Geopolitics and higher rates are weighing on sentiment.

Emerging-market stocks have dropped in the first half of January, something that hasn’t happened since 2016.

Sentiment has taken a knock from growing uncertainty about when the Federal Reserve will begin to loosen monetary policy, with traders keenly awaiting a speech by Fed Governor Christopher Waller later Tuesday for insights. Meanwhile, investors are scrambling to price a host of geopolitical events from the Middle East to the US, where markets are weighing a potential return of Donald Trump to the White House.

MSCI Inc.’s index of developing-nation stocks slumped 1.2% on Tuesday, the most in almost two weeks, to trade at its lowest since Dec. 14 and extending its January declines to 4%. The currency index was led lower by South Korea’s won and the rand as a gauge for dollar strength rose to a one-month high.

The last two comparable bad starts to a year have preceded major emerging-market rallies.

In 2016, the January slump followed the first Fed rate hike in almost a decade. Higher US rates sparked a brief capital flight from riskier assets, leading to an 11% plunge by mid-January of 2016. However, things soon turned around as investors chased cheaper valuations, and EM stocks began a two-year, $8.3 trillion rally.

Something similar happened in 2009. The Fed dropped benchmark interest rates to near zero in December 2008, but investors fretted over the lingering effects of the global financial crisis and continued to dump emerging-market stocks well into January.

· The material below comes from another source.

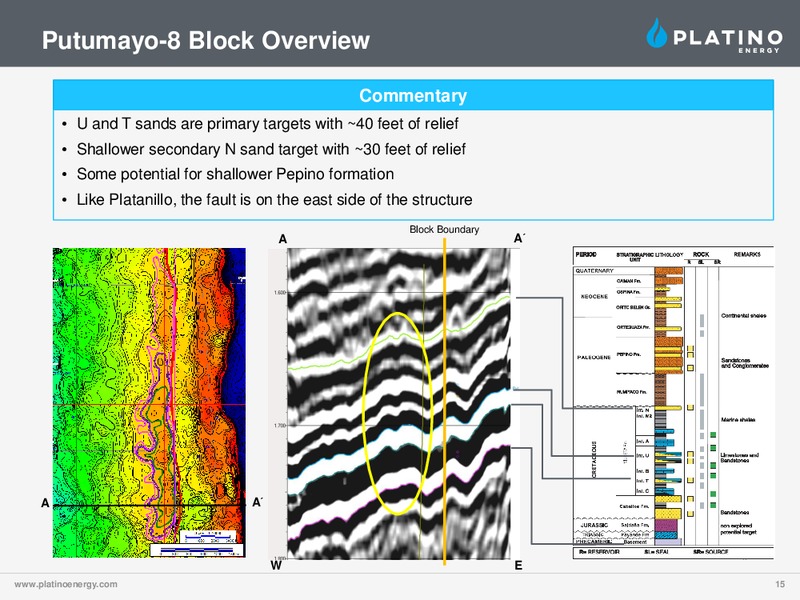 CORPORATE PRESENTATION – Platino Energy Corp. – slide 15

Months later, as the US began a bull market, sentiment toward EM improved too, driving the MSCI gauge 75% higher over 2009.

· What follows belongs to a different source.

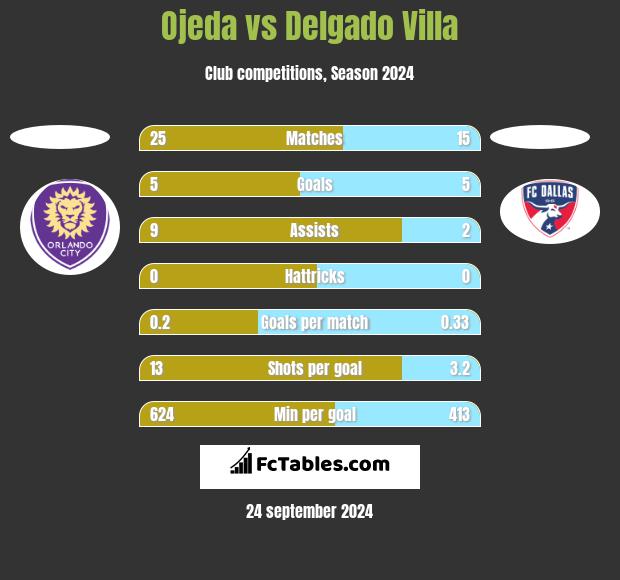 Ojeda vs Delgado Villa h2h player stats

Easing Volatility Underpins Case for Emerging-Market Rebound

Developments that are top of mind for investors Tuesday include attacks on ships in the Red Sea. Houthi militants hit a US-owned commercial vessel with a ballistic missile on Monday, underscoring warnings the vital waterway remains too risky

Elsewhere, China is considering 1 trillion yuan ($139 billion) of new debt issuance under a so-called special sovereign bond plan, only the fourth such sale in the past 26 years, as authorities seek more money to finance intensifying efforts to shore up the world’s second-largest economy.

The proposal under discussion by senior policymakers would involve the sale of ultra-long sovereign bonds to fund projects related to food, energy, supply chains and urbanization, people familiar with the matter said.

Meanwhile, central and eastern European bond investors who reaped outsize returns in the past year are bracing for political turmoil and overspending, potentially tempering gains in 2024.

Slowing inflation and interest rate cuts have boosted local-currency debt in the area spanning from Poland to the Balkans, capping a year of advances in 2023. But a busy election season and some of the widest budget deficits in the European Union are set to complicate the picture for the coming year.